Relationship Building Is Key To Securing The Right Job
Updated: Jan 4
Let’s go through the process of seeking employment, shall we? What’s the first thing that comes to mind when thinking about how to begin your job search? We’re guessing it involves the act of hopping online in order to research available career opportunities from a variety of sources. In 2019, this comes as no surprise. The world practically lives online, right? But what real connections are you making?
While the worldwide web is and will continue to be all the rage, it – in no way – can replicate the social interactions you make in person. No matter how many emails you’ve sent or social media posts you’ve commented on, you simply can’t make the same connections with people as you’d be able to in face-to-face meetings.
Where you spend your time will define how long it will take to land a new role.
80% of your time should be spent networking. And by networking, we mean actual networking, not social media networking. This is why we’re not particularly fans of the word “networking” as its true meaning has become a bit misconstrued over the past decade or so. We prefer “relationship building”.
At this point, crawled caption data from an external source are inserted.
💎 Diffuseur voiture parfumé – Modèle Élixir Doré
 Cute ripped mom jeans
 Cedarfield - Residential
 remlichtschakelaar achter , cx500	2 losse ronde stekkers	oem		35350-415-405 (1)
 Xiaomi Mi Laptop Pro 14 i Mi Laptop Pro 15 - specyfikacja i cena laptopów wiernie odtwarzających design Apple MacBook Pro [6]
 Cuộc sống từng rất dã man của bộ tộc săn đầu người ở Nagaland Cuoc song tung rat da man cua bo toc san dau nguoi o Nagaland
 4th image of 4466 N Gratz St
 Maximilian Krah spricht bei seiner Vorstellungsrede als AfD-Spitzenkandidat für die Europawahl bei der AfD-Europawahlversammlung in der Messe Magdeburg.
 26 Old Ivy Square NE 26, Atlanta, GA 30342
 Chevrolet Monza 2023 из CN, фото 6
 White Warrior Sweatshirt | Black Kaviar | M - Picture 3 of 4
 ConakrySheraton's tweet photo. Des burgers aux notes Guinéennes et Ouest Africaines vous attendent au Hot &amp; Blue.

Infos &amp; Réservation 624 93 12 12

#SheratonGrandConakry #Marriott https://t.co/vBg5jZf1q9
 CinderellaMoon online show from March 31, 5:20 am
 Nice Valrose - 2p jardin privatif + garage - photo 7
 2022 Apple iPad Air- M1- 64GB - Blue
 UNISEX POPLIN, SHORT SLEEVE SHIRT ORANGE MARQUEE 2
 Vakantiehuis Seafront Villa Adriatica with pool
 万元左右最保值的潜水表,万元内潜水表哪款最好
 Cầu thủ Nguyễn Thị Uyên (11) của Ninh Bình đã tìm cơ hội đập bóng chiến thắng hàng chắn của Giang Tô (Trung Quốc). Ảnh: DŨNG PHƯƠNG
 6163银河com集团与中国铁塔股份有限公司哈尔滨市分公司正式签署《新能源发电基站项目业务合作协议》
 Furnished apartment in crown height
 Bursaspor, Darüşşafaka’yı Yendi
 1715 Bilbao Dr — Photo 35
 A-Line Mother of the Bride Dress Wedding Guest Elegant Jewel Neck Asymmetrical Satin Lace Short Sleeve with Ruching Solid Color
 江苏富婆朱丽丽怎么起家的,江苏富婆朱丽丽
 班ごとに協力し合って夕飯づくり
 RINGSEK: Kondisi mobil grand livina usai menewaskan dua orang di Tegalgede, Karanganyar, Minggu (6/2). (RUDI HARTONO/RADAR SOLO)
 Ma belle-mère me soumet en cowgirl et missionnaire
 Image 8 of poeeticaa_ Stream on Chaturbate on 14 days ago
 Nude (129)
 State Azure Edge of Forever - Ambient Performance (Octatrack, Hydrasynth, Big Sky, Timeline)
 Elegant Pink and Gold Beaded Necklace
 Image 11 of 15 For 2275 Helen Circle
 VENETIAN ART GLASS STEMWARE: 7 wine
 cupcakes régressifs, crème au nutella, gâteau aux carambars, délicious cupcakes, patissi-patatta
When searching for a new and worthwhile career opportunity, your objective should be to meet at least one new person each week. Again, we’re talking about meeting real life people and not just typing away on your keyboard. Understandably, this can be more difficult than taking the online route which is fairly popular these days. High-paying jobs require a lot of hard work. So, it shouldn’t be considered unreasonable to put hard work into finding such lucrative opportunities.
Relationship building requires you to follow up with people you’ve met.
It also involves researching firms and learning their culture, their products and their Twitter feeds. When you hunt down important nuggets of information, you’ll be in a better position to have a manager or executive want to spend 20 minutes with you for coffee. Here is a key message: never leave a meeting without asking, “Who do you know that you think I should meet?”
And, by the way, never bring your resume to a coffee meeting. Always focus on the other person, not yourself. People who have agreed to meet with you know why you are there, so you don’t want to come across as desperate. On MediaBistro.com, Joel Schwartzberg advises job seekers to focus on the relationship, not the resume.
Networking is about creating a connection, not making a hard sell.
Schwartzberg quotes Kent Lee, who is a career consultant for Yahoo! and CEO of Perfect Resume: “Focus first on building the relationship with the executive. It’s important to make a connection before asking for anything. This can be done by simply asking questions that show a general interest and enthusiasm in the executive’s company.”
Schwartzberg stresses the fact that a relationship building opportunity can strike at any moment. If you’re currently on a job search, it’s important to always be prepared.
“It could be at a conference, a book signing, a friend’s dinner party or just a chance encounter on public transit,” he writes, “In any of these scenarios, the pressure’s on you to make a positive impression so that when the time is right, the stars are aligned and a job is available, your new friend thinks you’re the perfect person to fill it.”